Il entend une fois encore cette toux chargée qui éjecte de la bouche de l'homme étendu sur un lit, recouvert de draps et peaux de bêtes empilés, des gouttes d'un sang rouge foncé, presque noir, et son regard, las, triste, se tourne vers le malade qui dormait encore quelques instants auparavant, s'arrête sur ce bras brimbalant qui avait fait l'objet d'une saignée la veille au soir, et ne peut réprimer un soupire, fruit d'une fatigue qui ne put l'empêcher de manifester son propre désarroi.
Un léger sourire se dessina pourtant sur le visage du malade. Son visage blême, souffrant, sur lequel perle une sueur aigre, acide, odorante, n'était presque plus reconnaissable, tant il jurait avait ce qu'il a montré durant toute une vie faite de débauche, d'alcool, de rires, de larmes, de joie, de colère, d'amour, d'amitié. Le visage d'un homme arrivé aux termes de sa vie est terrifiant, abjecte, insupportable, et pourtant, on ne peut s'empêcher d'être submergé par l'émotion, toutes sortes d'émotions, de la peine de voir partir un être cher, des souvenirs joyeux qui en ont fait un être cher, de l'appréhension de survivre à cet être cher.
La voix rauque et saccadée s'éleva malgré la grande gène.
Il semblerait *koff koff*, que ça n'ait pas marché.
Des larmes commencèrent à sourdre sous les yeux du médecin, qui fut surpris par ces paroles. Il cherchait depuis des minutes les mots adéquats pour annoncer cette mauvaise nouvelle, ce trait cruel du destin qui avait transpercé net la vie de son patient, mais aucune sentence, aucune tournure ne lui convenait.
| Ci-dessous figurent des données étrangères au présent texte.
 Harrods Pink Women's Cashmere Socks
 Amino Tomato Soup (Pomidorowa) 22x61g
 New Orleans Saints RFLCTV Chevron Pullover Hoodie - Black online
En réalité, il passait plus son temps à chercher un autre moyen de sauver son ami, qu'essayer de trouver la meilleure façon d'annoncer sa mort prochaine. Pris de cours, il ne pouvait plus réprimer sa tristesse, qu'il tentait encore vainement de contenir, ou limiter.
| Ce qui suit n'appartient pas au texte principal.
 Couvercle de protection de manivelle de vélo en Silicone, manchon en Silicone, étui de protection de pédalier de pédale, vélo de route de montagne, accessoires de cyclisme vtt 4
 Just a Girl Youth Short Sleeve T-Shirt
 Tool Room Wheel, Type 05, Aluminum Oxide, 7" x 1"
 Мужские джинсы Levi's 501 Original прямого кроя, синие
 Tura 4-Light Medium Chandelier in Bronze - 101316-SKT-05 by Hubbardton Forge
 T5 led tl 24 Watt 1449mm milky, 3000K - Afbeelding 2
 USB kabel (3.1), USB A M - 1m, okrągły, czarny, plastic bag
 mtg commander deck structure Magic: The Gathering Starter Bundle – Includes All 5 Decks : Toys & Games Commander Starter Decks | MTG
Non. Mais on va trouver autre chose! Les plantes, et une saignée plus audacieuse ...
Le bras meurtri, déchiqueté de son ami se leva péniblement et se saisit de la main du médecin, pour interrompre ce mensonge qu'il faisait plus à lui-même, qu'au mourant.
Suffit. Je n'ai plus la force pour cela *koff koff* Tu as fait tout ce que tu as pu.
Un silence lourd s'installa entre les deux. La main avait relaché le bras du médecin, qui comprit que l'homme allongé s'était rendormi. Il regardait le visage qui souriait malgré l'annonce funeste qui venait d'être faite. Des larmes coulaient aussi sur ce visage. Mortimer, quant à lui, devait sortir de cette chambre, prendre l'air... il avait vraiment besoin de laisser éclater sa peine, sur la plage, loin des regards, loin de la mort, qui avait repéré les lieux, et s'apprêtait à abattre sa faucille, sur le seigneur des lieux.